A 23-m.p.h. southerly wind, blowing toward left field, greeted the teams early Thursday afternoon.
But the wind, in addition to blowing out seemingly routine fly balls, also blew in a storm that pelted Wrigley for a half-hour, leaving parts of the infield resembling a swamp.
Before that, baseballs were flying out of and all over the park because of the wind, the humidity and weak pitching.
The Dodgers, who have played nearly 44 innings in 48 hours after consecutive doubleheaders in St. Louis, found themselves down early as the well-rested Cubs nailed starter Rick Honeycutt for six runs in the third.
There were no home runs in that scoring bonanza.
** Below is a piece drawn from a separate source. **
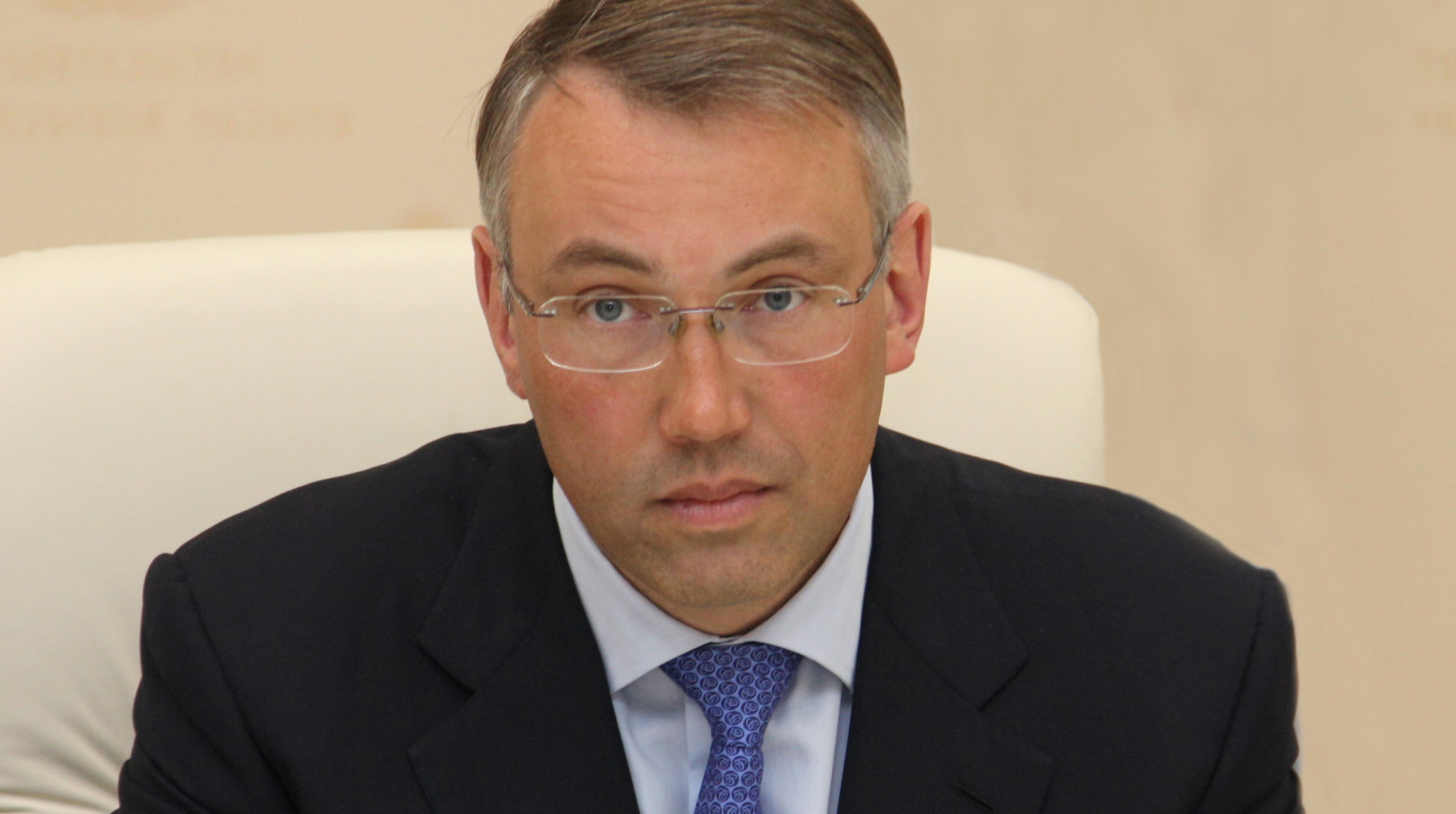 Игорь Кошин освобожден от должности указом президента России undefined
Those would come later. Chicago simply put together a two-run single by Gary Matthews, a two-run double by Paul Noce and a two-run single by Mike Brumley.
The Cubs' lead was sliced to 6-1 in the top of the fourth when Mike Marshall scored on Mickey Hatcher's bloop single to left field off Cub starter Rick Sutcliffe.
Then the home run festival, accompanied by thunder and lightning, began.
In the bottom of the fourth, the diminutive Noce hit a three-run home run to left off Brian Holton that seemed to be a routine fly ball caught in the wind. That made it 9-1, but with the weather conditions as they were, even that lead did not appear safe.
The Dodgers got to Sutcliffe in the top of the fifth with the home run as the chief weapon. John Shelby struck first, hitting a two-run homer to right-center. On the next pitch, Pedro Guerrero launched a shot that carried over the left-field seats and onto Waveland Avenue to make it 9-4.
As an added attraction to Guerrero's 18th home run of the season, he and Sutcliffe exchanged words because Guerrero lingered near home plate and watched the ball leave the park.
Sutcliffe waved his arms at Guerrero to get moving around the bases, and Guerrero answered him by strolling, not trotting, around.
The next inning, Franklin Stubbs hit a homer to right off Scott Sanderson to reduce the Cubs' lead to 9-5.
But the Cubs, who have hit 21 home runs in their last 11 games, struck for two more in the sixth--Trillo and Moreland connecting off Pena--before the rain prevented any further shots, at least until today.
Guerrero said he has no ill feeling toward Sutcliffe, who roomed with Guerrero in their minor league days, when both played in the Dodger organization. But Guerrero also said he did not think his standard homer-watching procedure was out of line.
"It surprised me," Guerrero said. "We're supposed to be close friends. I wasn't upset. I don't think he has any right to be upset. When he strikes me out, I don't get upset. I smile.
"I don't think I did anything wrong. That's my style. I always do that when I hit a home run. I never try to show anybody up. We're friends. We'll talk about it."
Sutcliffe's only comment was a no-comment.
"I don't fight my battles in the papers," he said. "I'll handle it my own way."
Sutcliffe had to leave the game after the fifth inning with a bruised right finger, so there will not be a rematch between the two today.
Afterward, Lasorda said he hopes the wind--but not the rain and thunder--will be back today. Otherwise, the Cubs' seven-run lead seemed insurmountable.
"That's what you need," Lasorda said. "You got to have that edge to catch up in a game like this."